Short web captions.
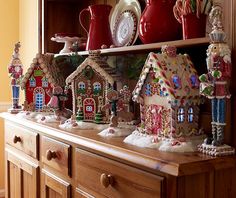 a shelf filled with lots of gingerbread houses on top of wooden shelves next to a window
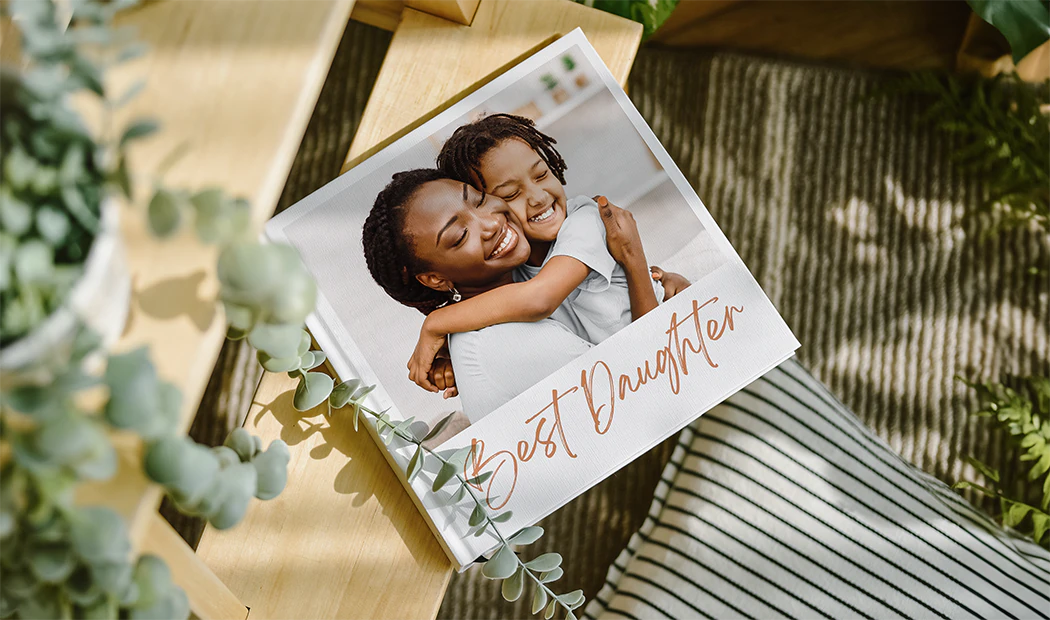 Custom printed Printerpix photo album with hard cover and large photos of young couple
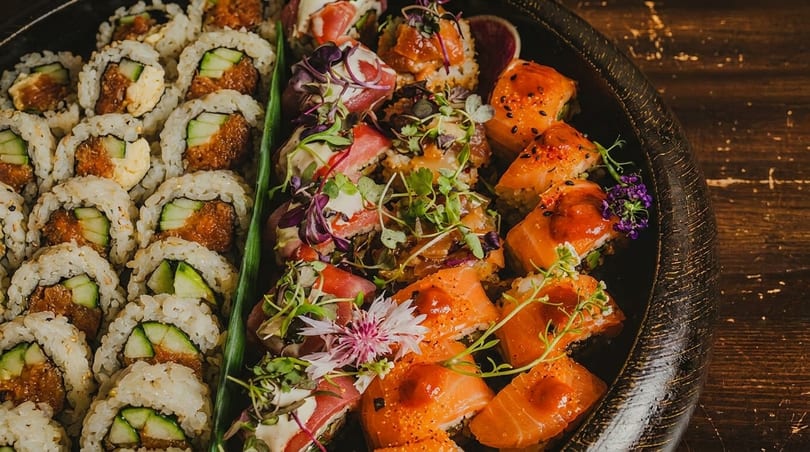 A platter of various sushi rolls, including cucumber and spicy tuna, on a dark wooden surface.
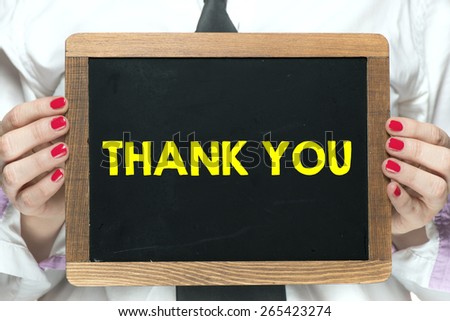 Blackboard with handwritten thank you. Hands holding blackboard with handwritten thank you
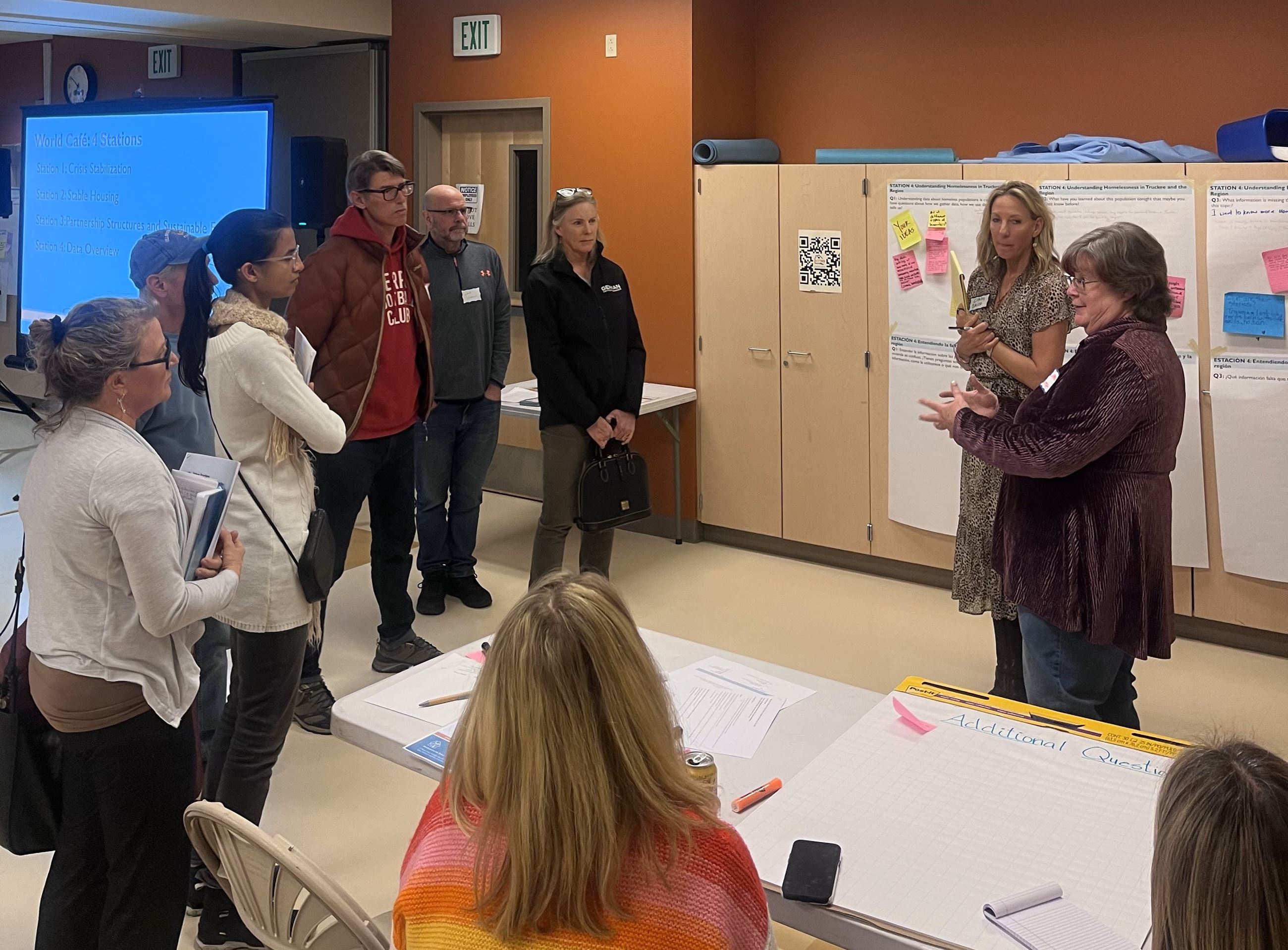 people circled around a person talking at a community workshop.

Task requirements.
Return the records above verbatim, leaving out images.

Your solution.
 a shelf filled with lots of gingerbread houses on top of wooden shelves next to a window
 Custom printed Printerpix photo album with hard cover and large photos of young couple
 A platter of various sushi rolls, including cucumber and spicy tuna, on a dark wooden surface.
 Blackboard with handwritten thank you. Hands holding blackboard with handwritten thank you
 people circled around a person talking at a community workshop.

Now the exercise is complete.